To evaluate the safety, efficacy and tolerability of sparsentan oral suspension and assess changes in proteinuria after once-daily dosing over the 108-week treatment period. To evaluate long-term safety, tolerability, and efficacy with pharmacokinetic evaluations at Day 1 (Baseline), Day 2 (Visit 3), and Week 12 (Visit 9). To evaluate the long-term safety, antiproteinuric, and nephroprotective effects of sparsentan in pediatric patients. To examine the safety and long-term antiproteinuric and nephroprotective potential of SPAR in pediatric patients with FSGS, minimal change disease (MCD), IgAN, IgA vasculitis (IgAV), and Alport syndrome (AS).

CT.gov Identifier
NCT05003986
EudraCT Identifier
2021-000621-27
CTIS:
2023-505497-14-00
Sponsor
Travere Therapeutics
Collaborator
N/A
Study Contact Information
+1 888 969 7879
Recruiting
Contact Us

Study Details

Diseases
Alport syndrome
IgA nephropathy
Focal Segmental Glomerulosclerosis
Study Drug
Sparsentan
Genes
COL4A4
COL4A3
Study Dates
Aug 2021 - Mar 2027
Sex
Female & Male
Age
1 - 17 Years
Inclusion and Exclusion Criteria
Inclusion Criteria:
  • Inclusion Criteria for All Subjects (All Three Populations):
  • A subject must meet all of the following criteria to be eligible for participation in this study:
  • The subject or parent/legal guardian (as appropriate) is willing and able to provide signed informed consent/assent, and where required, the subject is willing to provide assent before any screening procedures per local requirements.
  • The subject has an estimated glomerular filtration rate (eGFR) ≥30 mL/min/1.73 m2 at screening.

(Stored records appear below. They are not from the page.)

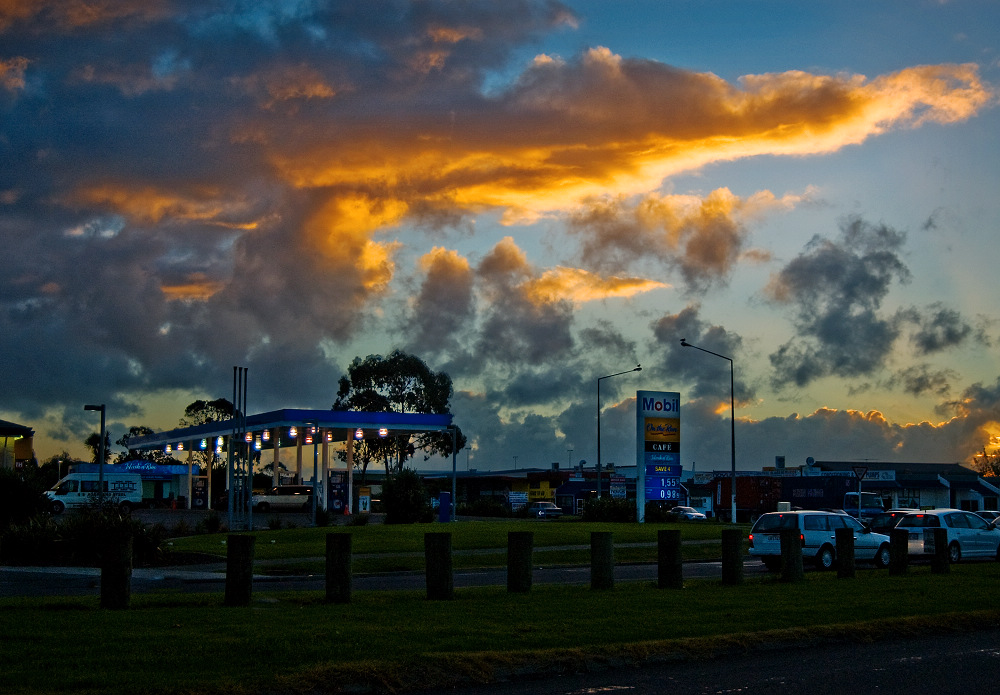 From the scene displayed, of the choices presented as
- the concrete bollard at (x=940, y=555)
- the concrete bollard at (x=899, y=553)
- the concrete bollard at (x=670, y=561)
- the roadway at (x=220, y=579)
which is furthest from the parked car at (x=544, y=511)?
the concrete bollard at (x=670, y=561)

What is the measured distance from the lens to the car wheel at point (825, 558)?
25.7m

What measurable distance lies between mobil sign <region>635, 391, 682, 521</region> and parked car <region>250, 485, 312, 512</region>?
25.5m

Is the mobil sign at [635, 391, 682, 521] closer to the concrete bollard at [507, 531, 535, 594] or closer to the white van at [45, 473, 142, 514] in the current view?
the white van at [45, 473, 142, 514]

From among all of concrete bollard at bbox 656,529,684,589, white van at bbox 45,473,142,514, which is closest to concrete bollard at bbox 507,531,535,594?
concrete bollard at bbox 656,529,684,589

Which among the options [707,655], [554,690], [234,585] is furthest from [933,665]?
[234,585]

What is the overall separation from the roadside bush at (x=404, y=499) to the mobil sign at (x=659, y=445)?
10.9m

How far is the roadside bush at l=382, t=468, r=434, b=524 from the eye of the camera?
4169 centimetres

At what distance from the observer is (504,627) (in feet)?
38.7

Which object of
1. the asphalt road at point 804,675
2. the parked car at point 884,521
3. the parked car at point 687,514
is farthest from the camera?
the parked car at point 687,514

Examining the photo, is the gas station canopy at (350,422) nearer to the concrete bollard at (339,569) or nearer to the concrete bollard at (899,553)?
the concrete bollard at (899,553)

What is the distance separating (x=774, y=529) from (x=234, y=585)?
51.5 ft

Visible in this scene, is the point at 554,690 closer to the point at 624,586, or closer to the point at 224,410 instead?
the point at 624,586

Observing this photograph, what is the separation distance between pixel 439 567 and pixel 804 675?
239 inches

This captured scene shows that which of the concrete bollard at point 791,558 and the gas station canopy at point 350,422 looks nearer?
the concrete bollard at point 791,558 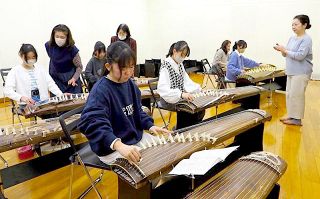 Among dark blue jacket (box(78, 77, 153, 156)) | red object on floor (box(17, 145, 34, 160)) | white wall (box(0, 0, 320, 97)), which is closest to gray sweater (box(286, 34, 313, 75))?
dark blue jacket (box(78, 77, 153, 156))

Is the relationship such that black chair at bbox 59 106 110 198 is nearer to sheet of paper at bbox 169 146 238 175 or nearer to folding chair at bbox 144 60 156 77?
sheet of paper at bbox 169 146 238 175

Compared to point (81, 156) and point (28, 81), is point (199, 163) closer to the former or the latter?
point (81, 156)

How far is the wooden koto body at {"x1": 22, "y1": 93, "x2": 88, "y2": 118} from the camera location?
2412 millimetres

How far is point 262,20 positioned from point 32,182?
6.90m

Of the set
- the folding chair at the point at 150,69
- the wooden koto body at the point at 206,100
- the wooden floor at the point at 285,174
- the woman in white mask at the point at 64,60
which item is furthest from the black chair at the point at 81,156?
the folding chair at the point at 150,69

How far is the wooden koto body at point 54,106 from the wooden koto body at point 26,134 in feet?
0.86

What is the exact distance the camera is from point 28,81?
9.36 ft

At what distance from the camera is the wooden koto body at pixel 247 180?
4.30ft

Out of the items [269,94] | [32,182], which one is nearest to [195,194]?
[32,182]

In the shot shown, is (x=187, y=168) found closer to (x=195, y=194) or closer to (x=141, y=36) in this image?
(x=195, y=194)

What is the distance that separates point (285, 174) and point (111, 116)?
1.72 m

  • The subject has a mean seated blood pressure between the 5th and 95th percentile for sex and height.
  • Inclusion Criteria for Population 1:
  • The subject is male or female ≥1 year at screening and <18 years of age at Day 1 (Baseline).
  • The subject has a UP/C ≥1.5 g/g (170 mg/mmol) at screening AND one of the following:
  • Kidney biopsy-proven FSGS or MCD histological patterns and clinical presentation consistent with primary FSGS or MCD and qualifying proteinuria at screening despite history or ongoing treatment with corticosteroids and/or other immunosuppressive disease-modifying agents.

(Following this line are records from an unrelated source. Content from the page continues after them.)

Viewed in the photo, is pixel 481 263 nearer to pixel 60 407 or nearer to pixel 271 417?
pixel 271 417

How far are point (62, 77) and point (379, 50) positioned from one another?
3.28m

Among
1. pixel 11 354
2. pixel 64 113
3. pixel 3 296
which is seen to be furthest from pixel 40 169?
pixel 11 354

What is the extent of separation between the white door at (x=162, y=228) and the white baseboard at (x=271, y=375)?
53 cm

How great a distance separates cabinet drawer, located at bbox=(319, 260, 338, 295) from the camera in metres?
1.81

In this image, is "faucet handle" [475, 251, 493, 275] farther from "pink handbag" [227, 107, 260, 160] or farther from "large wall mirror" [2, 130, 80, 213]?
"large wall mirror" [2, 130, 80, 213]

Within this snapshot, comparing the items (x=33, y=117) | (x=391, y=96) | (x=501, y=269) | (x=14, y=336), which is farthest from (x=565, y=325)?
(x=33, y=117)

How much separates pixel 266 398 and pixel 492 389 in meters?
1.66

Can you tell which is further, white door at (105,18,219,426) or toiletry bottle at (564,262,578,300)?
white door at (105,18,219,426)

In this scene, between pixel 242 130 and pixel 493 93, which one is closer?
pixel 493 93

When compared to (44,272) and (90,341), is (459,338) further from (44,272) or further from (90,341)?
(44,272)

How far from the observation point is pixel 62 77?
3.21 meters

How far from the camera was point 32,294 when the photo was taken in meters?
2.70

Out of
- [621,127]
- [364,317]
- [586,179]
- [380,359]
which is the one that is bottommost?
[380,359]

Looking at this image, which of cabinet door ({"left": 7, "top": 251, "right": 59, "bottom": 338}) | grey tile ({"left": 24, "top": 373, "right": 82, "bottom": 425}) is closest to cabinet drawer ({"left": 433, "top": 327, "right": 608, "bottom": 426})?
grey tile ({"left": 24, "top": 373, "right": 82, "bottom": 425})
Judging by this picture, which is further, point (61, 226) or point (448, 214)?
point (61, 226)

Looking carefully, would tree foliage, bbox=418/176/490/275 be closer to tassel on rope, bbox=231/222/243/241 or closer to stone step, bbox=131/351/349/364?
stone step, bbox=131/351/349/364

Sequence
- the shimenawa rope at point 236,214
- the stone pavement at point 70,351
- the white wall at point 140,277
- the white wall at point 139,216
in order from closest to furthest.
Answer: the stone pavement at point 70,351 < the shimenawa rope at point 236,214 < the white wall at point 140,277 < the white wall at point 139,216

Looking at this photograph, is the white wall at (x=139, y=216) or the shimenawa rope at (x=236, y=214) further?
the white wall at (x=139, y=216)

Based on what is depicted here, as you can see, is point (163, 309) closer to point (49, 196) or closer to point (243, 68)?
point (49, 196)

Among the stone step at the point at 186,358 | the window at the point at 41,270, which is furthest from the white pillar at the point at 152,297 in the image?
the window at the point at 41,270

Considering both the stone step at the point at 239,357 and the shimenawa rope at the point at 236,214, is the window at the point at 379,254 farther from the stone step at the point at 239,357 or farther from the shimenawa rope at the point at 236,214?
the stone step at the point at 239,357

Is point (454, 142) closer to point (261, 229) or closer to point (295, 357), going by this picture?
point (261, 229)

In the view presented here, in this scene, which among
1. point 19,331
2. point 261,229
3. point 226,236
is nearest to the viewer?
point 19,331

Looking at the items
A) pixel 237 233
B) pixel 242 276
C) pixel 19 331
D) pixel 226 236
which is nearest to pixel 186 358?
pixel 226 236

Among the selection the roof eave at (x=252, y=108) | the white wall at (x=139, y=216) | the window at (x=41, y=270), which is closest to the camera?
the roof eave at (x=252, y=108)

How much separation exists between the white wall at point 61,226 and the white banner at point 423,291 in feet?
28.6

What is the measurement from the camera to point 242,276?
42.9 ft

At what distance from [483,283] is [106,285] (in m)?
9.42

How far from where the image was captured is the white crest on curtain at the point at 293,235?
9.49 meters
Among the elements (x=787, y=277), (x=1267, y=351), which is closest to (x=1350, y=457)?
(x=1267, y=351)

  • Documentation of a genetic mutation in a podocyte protein associated with FSGS or MCD. Subjects with a documented podocytic mutation do not require kidney biopsy.
  • Kidney biopsy-proven FSGS histological pattern with medical history and clinical presentation consistent with maladaptive cause of the lesion.

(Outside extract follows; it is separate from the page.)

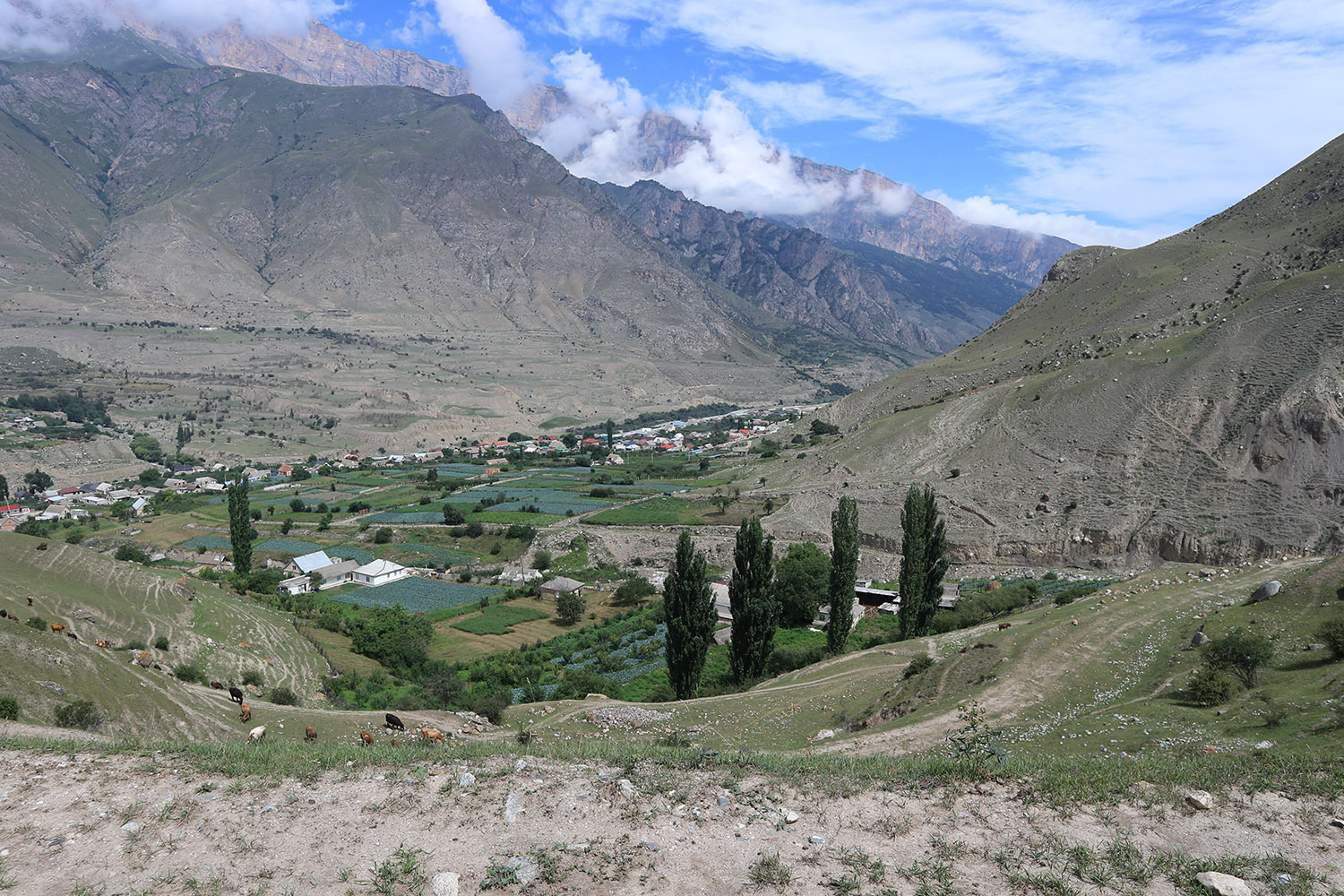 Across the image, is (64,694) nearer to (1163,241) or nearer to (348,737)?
(348,737)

  • Note: The kidney biopsy may have been performed at any time in the past but must include light microscopy and electron microscopy characteristics and/or immunofluorescence findings consistent with FSGS or MCD.
  • Inclusion Criteria for Population 2:
  • The subject is male or female ≥2 years at screening and <18 years of age at Day 1 (Baseline).
  • The subject has UP/C ≥0.6 g/g (68 mg/mmol) at screening AND one of the following diagnoses:
  • Kidney biopsy-confirmed IgAN, IgAV, or AS
  • Diagnosis of AS by genetic testing (pathogenic X-linked Collagen, Type IV, Alpha-5 (COL4A5) mutation OR autosomal-recessive mutations in both alleles of Collagen, Type IV, Alpha-3 (COL4A3) and/or Collagen, Type IV, Alpha-4 (COL4A4) OR autosomal-dominant COL4A3 and/or COL4A4 and digenic mutations [ie, simultaneous mutations in 2 of the COL4A3, COL4A4, and COL4A5 genes])
  • Inclusion Criteria for Population 3:
  • The subject is male or female ≥8 years at screening and <18 years of age at Day 1 (Baseline).
  • The subject has UP/C ≥1.0 g/g (113 mg/mmol) at screening AND has kidney biopsy-confirmed IgAN
  • Subject weighs ≥40 kg
  • The subject has been on ACEI and/or ARB therapy for at least 12 weeks prior to screening
Exclusion Criteria:
  • A subject who meets any of the following will be excluded from this study:
  • The subject weighs <7.3 kg at screening.
  • The subject has FSGS or MCD histological pattern secondary to viral infections, drug toxicities, or malignancies.
  • The subject has immunoglobulin A (IgA) glomerular deposits not in the context of primary IgAN or IgAV (ie, secondary to another condition; eg, systemic lupus erythematosus and liver cirrhosis).
  • The subject has had an acute onset or presentation of glomerular disease or a diagnostic biopsy or a relapse of glomerular disease requiring new or different class of immunosuppressive treatment (including, but not limited to, systemic corticosteroids, calcineurin inhibitors and mycophenolate mofetil, abatacept, cyclophosphamide, rituximab, ofatumumab, and ocrelizumab) within 6 months before screening.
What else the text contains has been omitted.